In recent years, lots of deep learning techniques have been developed to accurately and reliably understand targets. Meanwhile, a new type of deep learning architecture, called capsule networks, achieves a more accurate and robust description of objects by grouping features with spatial relationships and representing them as capsules. By learning the relationships between different capsules, capsule networks can better describe the shape, posture, and perspective of objects. On the basis of an attention feature map, Shakhnoza, M. et al. used a capsule network to compensate for the absence of a deep network to improve the classification of the fire and smoke results [14]. However, capsule networks also have drawbacks, such as long training time and complex capsule structures, making them difficult to implement in practical applications. Notwithstanding, Bowman et al. still have demonstrated deep learning’s practical capability in scene understanding [15]. This offers important evidence to improve both mapping and positioning.

This paper describes how a semantic segmentation network U-Net can be used to achieve pixel-wise segmentation for potentially movable objects.

To address the aforementioned issues, a dynamic object-aware visual SLAM algorithm was developed based on the ORB-SLAM2 framework specifically for dynamic indoor environments. The primary contributions of this work are outlined as follows:

(1): Built upon the original ORB-SLAM2 framework, we have developed a dynamic object-aware visual SLAM algorithm specifically designed for highly dynamic indoor environments. Our algorithm integrates a semantic segmentation network into ORB-SLAM2, effectively enhancing the accuracy and robustness of the system.
(2): Considering the semantic characteristics of dynamic objects, we have implemented a semantic segmentation algorithm using U-Net to achieve pixel-wise segmentation of potentially movable objects. Consequently, the effect of moving objects on camera pose estimation is alleviated by filtering out the feature points from dynamic objects.
(3): Quantitative and qualitative experiments were conducted to validate the effectiveness and robustness of the proposed method. The experiments were carried out using the TUM public dataset as well as a real scenario dataset captured from Kinect 2.0.
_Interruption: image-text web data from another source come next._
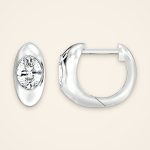 Contemporary Vertical Oval Laboratory-Grown Diamond Hoop Earrings - Traditions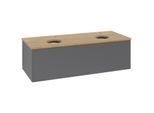 Villeroy und Boch Antao Waschtisch-Unterschrank L35051GK mit Beleuchtung, 120x36x50cm, Hahnloch, Waschbeckenplattenfarbe honey oak, anthracite matt lacquer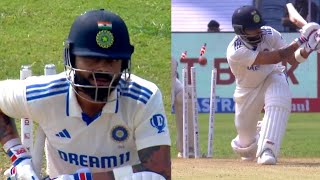 Virat Kohli Wicket Today clean Bowled by Mitchell Santner India vs New Zealand 2nd Test Day 2 [upl. by Phionna]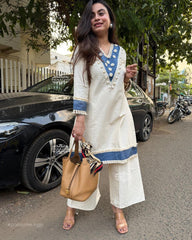 Tanvi Kurti Ivory Blue Embroidered Kurta Set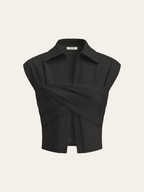 Linen Blend Cropped Blouse with Cross Wrap Detail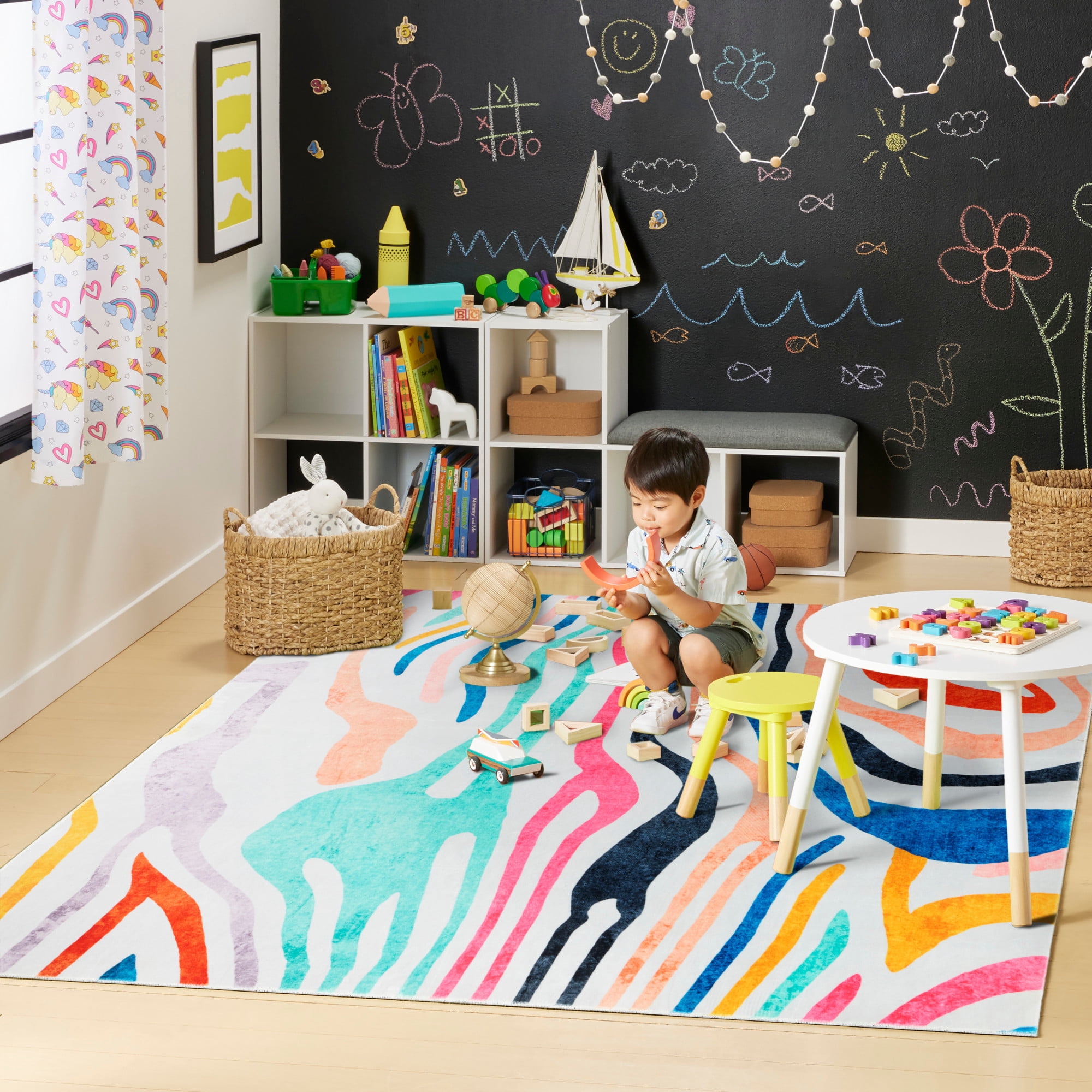 TOWN & COUNTRY PLAY Leta Zebra Stripe Kid's Washable Area Rug, Soft & Plush, Safe Non-Slip Backing, Bedroom Rug, Dorm Decor, Playroom & Classroom Rugs, Pink/Multi, 6'6"x9'2"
The remaining portion of this paper is structured as follows. Section 2 summarizes previous reviews about the research and development process of SLAM from static to dynamic, especially the construction of semantic maps about visual SLAM, which is the future development direction for robots. Section 3 provides an overview of the proposed system, including its general functionality and a detailed explanation of its modules. Section 4 conducts a large number of experiments to evaluate the proposed system. And last, we conclude our work with a discussion of future outlooks in Section 5 and Section 6.

2. Related Works

Up to now, many SLAM systems have achieved high location accuracy by heavily relying on the strict assumption in a static environment. Usually in SLAM, localization and mapping are the two crucial problems for path planning. In fact, a recursive Bayesian filter is a statistical method used for sequential state prediction for autonomous robots [16]. However, the latest SLAM systems are prone to performance degradation in dynamic outdoor environments where moving objects, such as pedestrians, violate the strict static world assumption and can result in fake feature associations. In fact, when facing a dynamic environment SLAM with moving objects, solving the precision issues involved in simultaneous localization, mapping, and moving object tracking (SLAMMOT) becomes more challenging. Therefore, in recent years, SLAM in dynamic environments has been a widely discussed topic in the computer vision and robotics community to discuss how to improve the quality of map construction.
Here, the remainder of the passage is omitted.